◆ **Records for processing**:
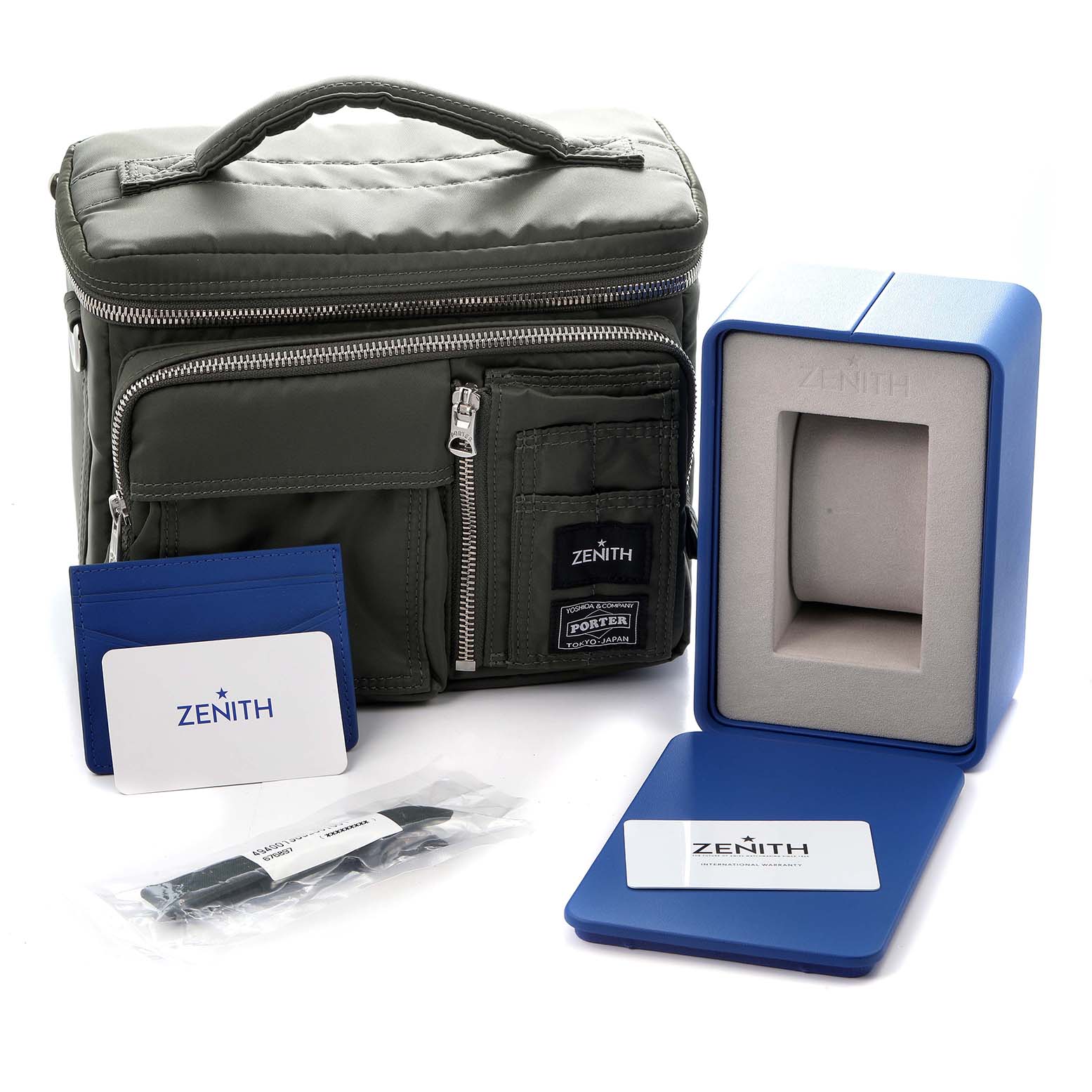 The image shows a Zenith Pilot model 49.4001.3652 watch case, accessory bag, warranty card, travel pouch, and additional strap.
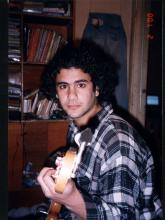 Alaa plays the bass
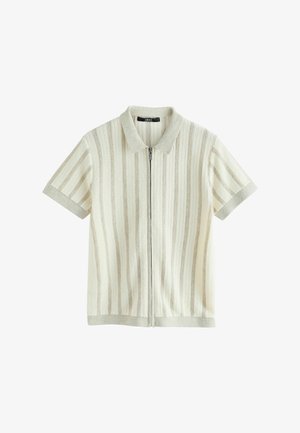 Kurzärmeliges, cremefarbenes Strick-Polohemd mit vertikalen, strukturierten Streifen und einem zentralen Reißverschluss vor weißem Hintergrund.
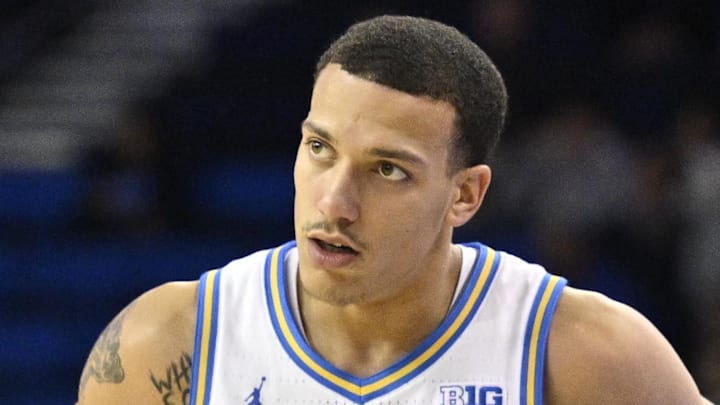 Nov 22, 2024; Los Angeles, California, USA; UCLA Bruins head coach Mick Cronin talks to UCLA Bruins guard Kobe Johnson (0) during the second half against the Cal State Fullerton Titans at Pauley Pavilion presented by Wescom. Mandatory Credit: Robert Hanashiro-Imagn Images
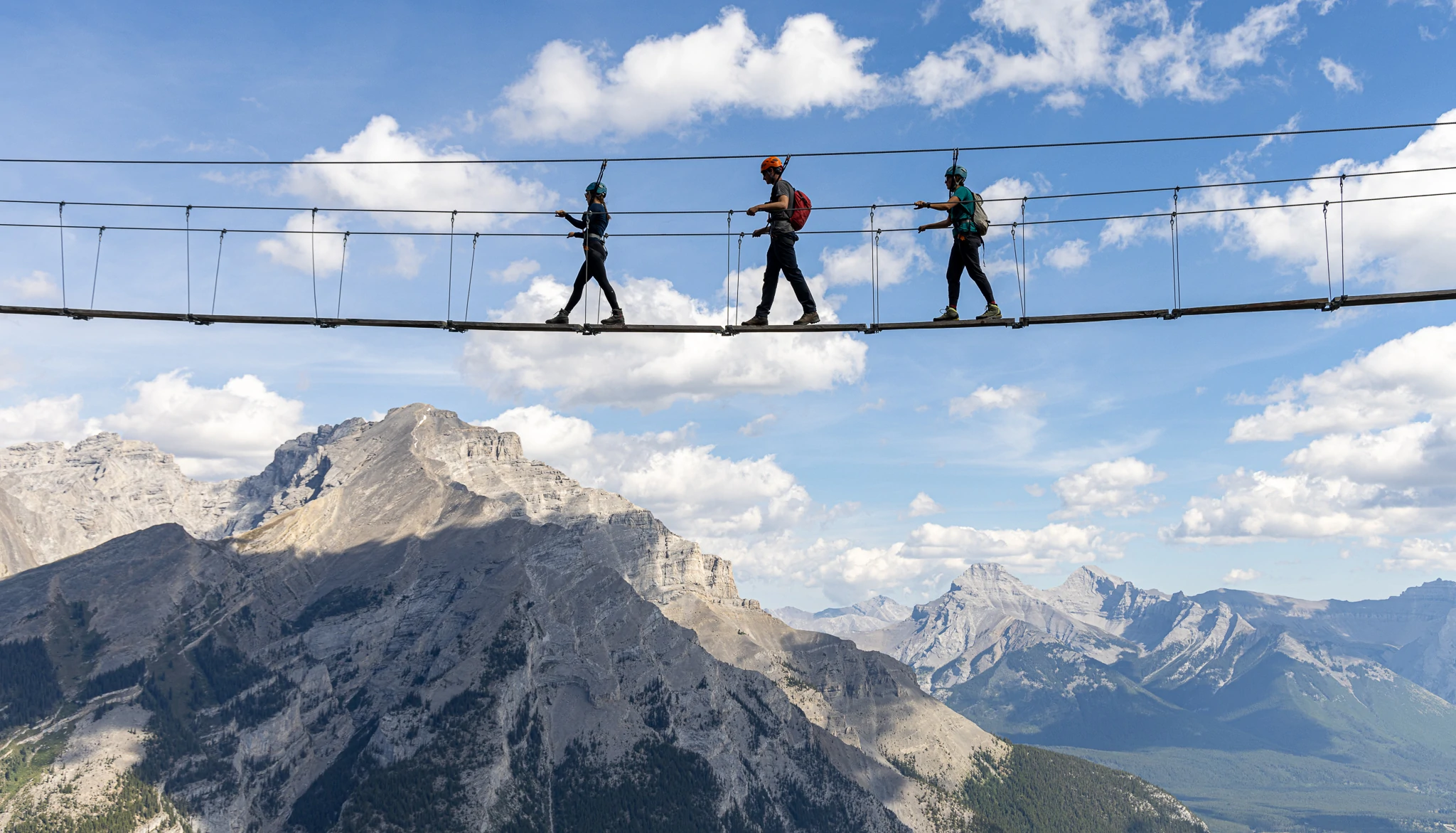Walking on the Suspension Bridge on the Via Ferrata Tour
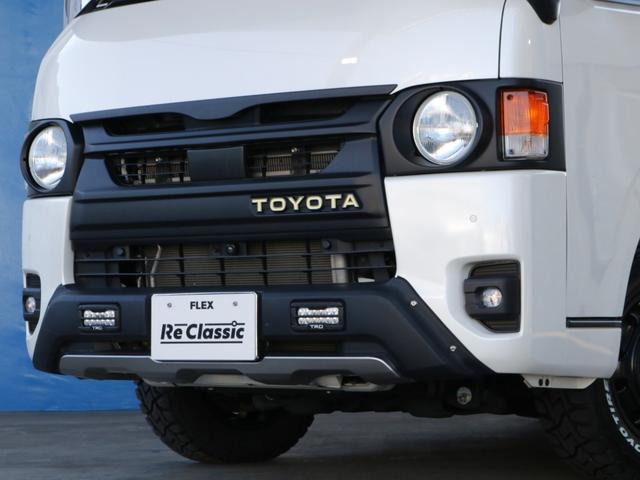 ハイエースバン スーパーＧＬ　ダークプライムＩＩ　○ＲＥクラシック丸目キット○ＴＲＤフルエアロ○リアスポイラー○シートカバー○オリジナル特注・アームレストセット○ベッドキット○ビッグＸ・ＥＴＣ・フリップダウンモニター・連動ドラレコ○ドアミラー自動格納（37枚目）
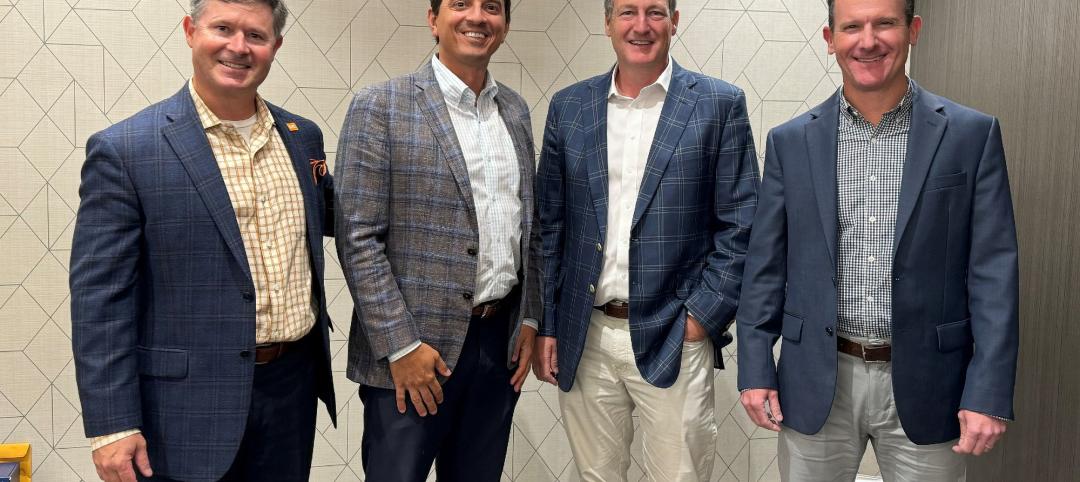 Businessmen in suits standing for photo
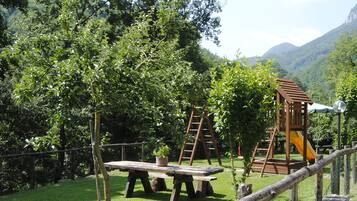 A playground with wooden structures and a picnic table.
==
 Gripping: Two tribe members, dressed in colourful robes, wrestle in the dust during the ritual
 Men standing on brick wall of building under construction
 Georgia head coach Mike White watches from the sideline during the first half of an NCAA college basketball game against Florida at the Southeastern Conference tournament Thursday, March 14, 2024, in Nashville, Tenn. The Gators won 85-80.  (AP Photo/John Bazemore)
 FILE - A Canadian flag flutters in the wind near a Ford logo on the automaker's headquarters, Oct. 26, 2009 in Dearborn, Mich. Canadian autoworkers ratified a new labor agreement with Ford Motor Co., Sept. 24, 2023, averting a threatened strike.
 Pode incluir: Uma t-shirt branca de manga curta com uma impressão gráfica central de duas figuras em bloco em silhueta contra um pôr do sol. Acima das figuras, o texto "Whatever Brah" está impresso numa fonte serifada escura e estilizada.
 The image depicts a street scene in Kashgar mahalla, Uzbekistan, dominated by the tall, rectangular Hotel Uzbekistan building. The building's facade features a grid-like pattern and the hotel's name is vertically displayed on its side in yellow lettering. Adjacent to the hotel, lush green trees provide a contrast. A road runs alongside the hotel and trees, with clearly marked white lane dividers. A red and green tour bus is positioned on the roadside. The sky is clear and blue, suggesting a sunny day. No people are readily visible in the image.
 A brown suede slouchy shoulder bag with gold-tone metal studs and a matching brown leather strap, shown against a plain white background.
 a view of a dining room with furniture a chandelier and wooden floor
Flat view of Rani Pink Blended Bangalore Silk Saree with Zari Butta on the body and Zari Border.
--
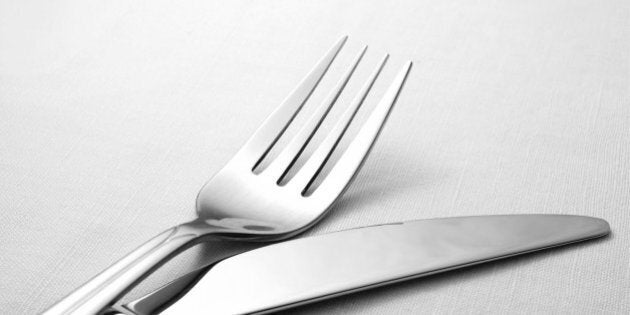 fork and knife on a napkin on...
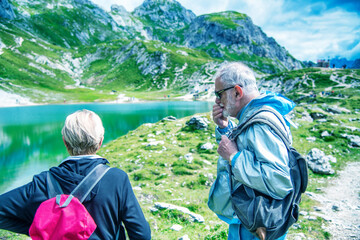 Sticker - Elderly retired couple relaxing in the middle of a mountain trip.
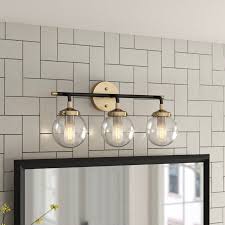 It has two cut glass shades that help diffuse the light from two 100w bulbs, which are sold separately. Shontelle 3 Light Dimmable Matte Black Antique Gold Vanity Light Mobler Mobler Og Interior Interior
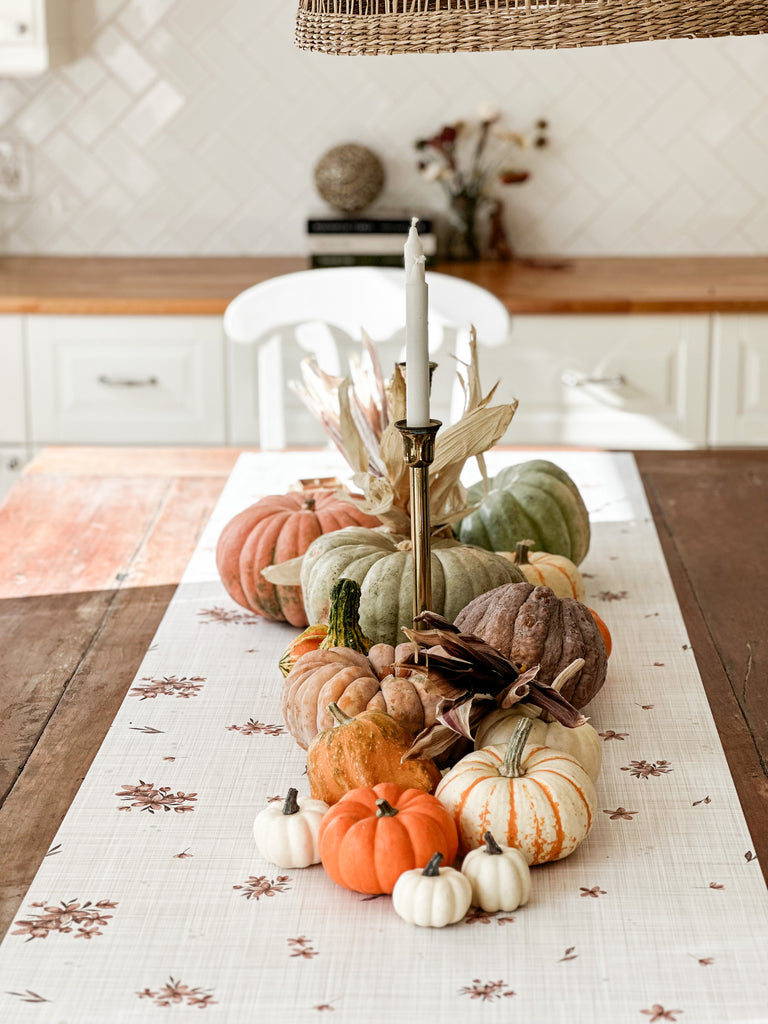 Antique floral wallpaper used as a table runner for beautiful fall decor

◆ **Task brief**: Pictures are to be left out. Write out only the lines above starting at the one with "Businessmen in suits standing for photo" and ending at the one with "A playground with", both lines included, exactly.

◆ **Answer to this problem**:
 Businessmen in suits standing for photo
 A playground with wooden structures and a picnic table.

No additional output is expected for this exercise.